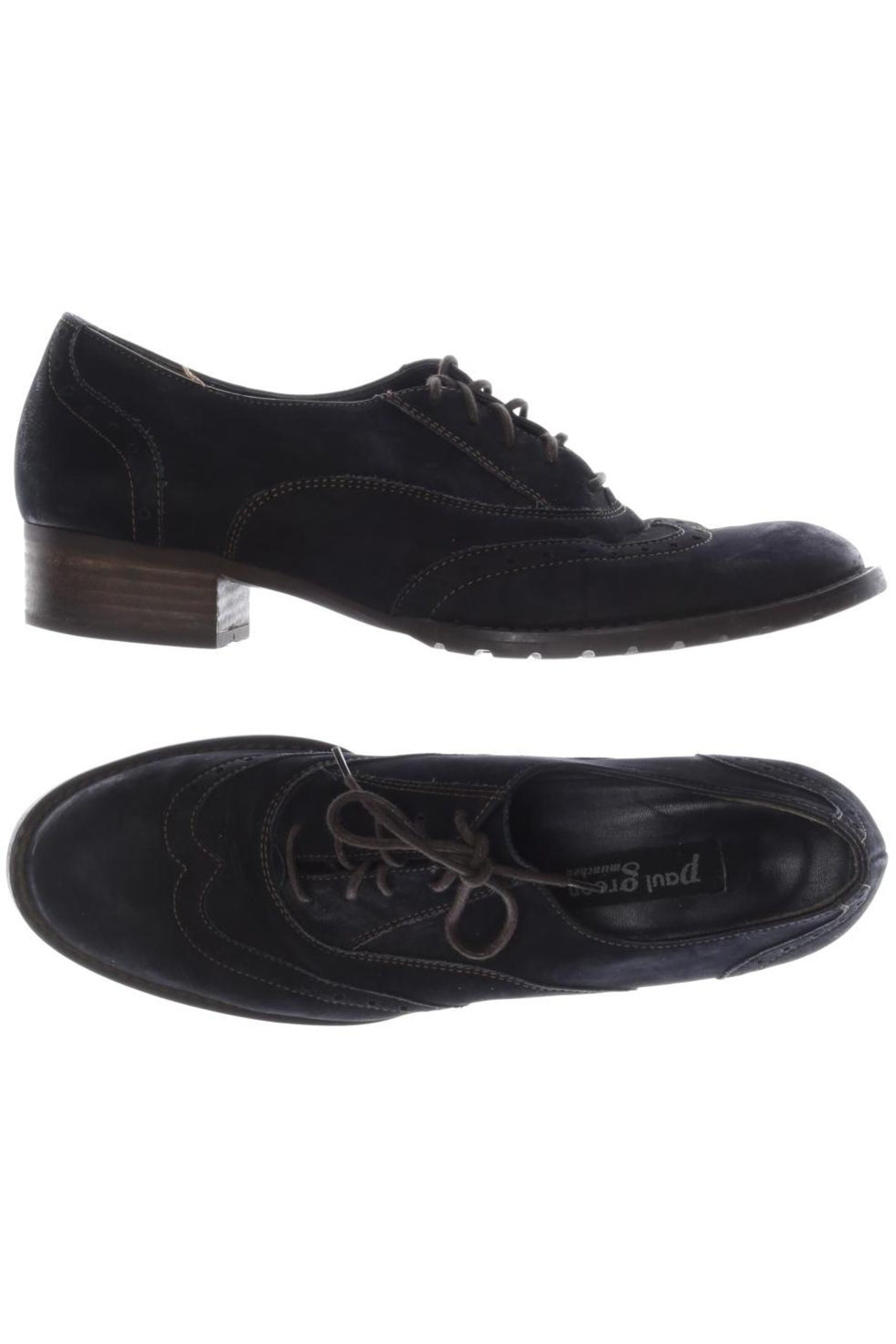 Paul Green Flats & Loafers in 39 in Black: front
---
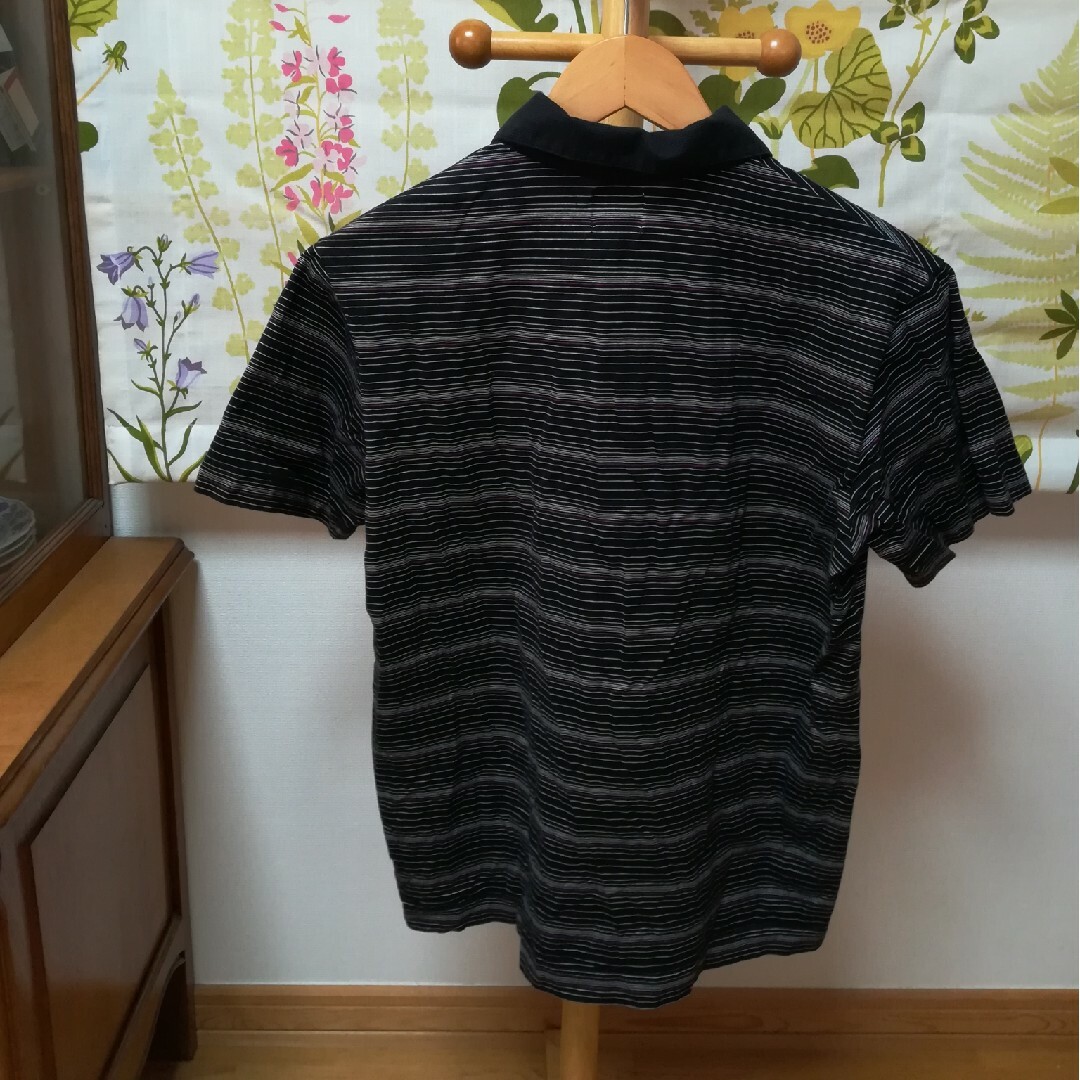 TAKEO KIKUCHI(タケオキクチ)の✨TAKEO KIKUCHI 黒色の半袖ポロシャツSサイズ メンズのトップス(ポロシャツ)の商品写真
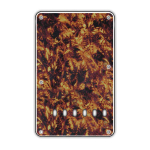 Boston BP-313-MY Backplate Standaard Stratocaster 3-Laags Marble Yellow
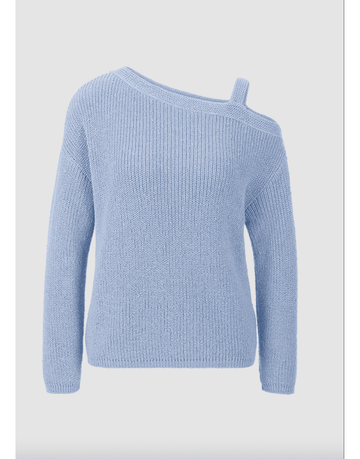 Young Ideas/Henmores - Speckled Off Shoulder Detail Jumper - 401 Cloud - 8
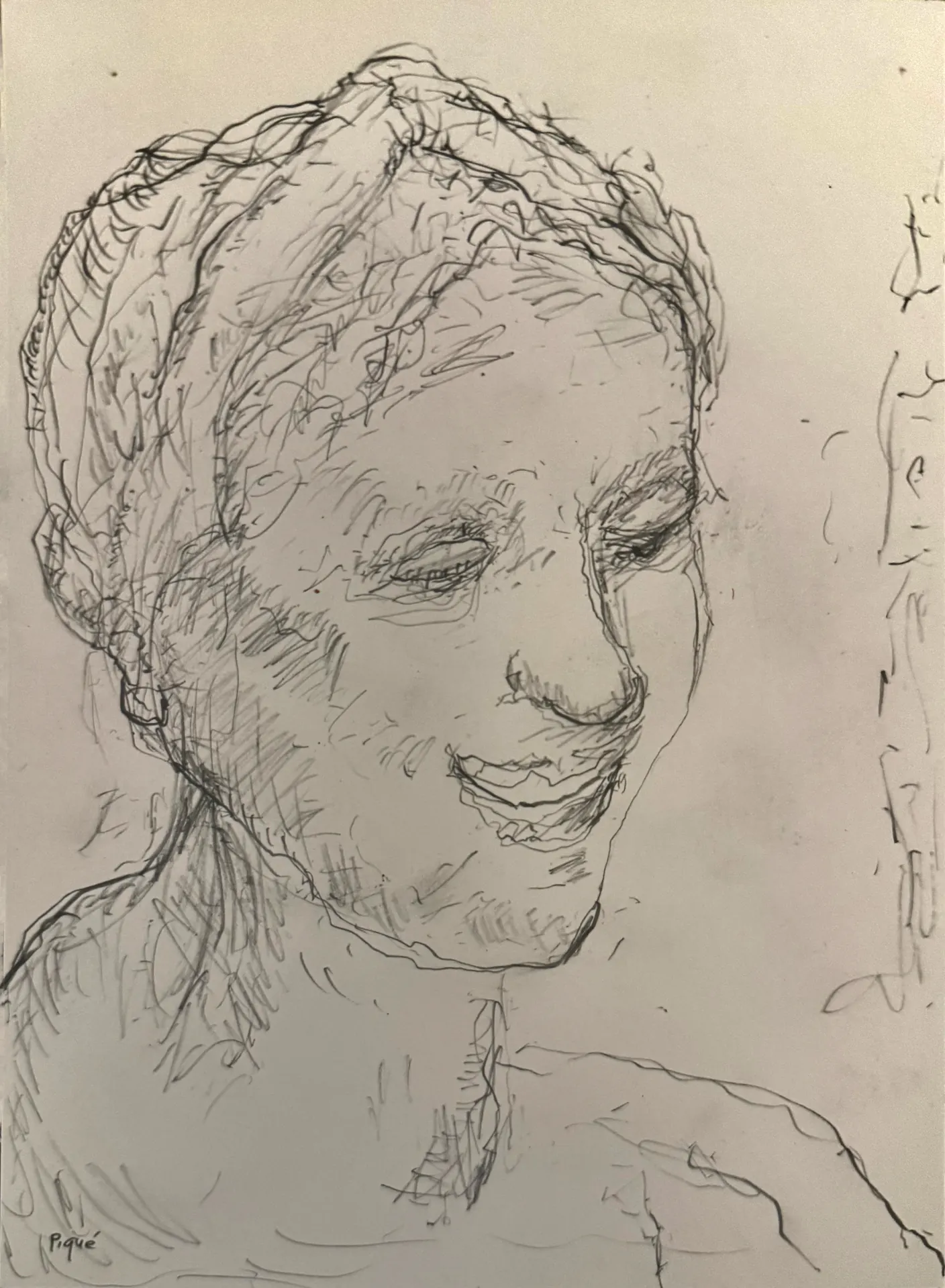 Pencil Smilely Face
...
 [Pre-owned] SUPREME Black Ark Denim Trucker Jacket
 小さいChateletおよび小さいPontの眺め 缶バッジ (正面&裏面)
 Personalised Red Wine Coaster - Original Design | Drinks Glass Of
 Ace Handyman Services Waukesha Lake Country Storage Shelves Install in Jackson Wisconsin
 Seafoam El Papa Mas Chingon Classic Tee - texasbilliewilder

__WHAT THE TASK ASKS__
Please give back exactly the lines of the listing above that run from the one containing "Ace Handyman Services" through the one containing "Seafoam El Papa", and only those.

__SOLUTION TO THE EXERCISE__
 Ace Handyman Services Waukesha Lake Country Storage Shelves Install in Jackson Wisconsin
 Seafoam El Papa Mas Chingon Classic Tee - texasbilliewilder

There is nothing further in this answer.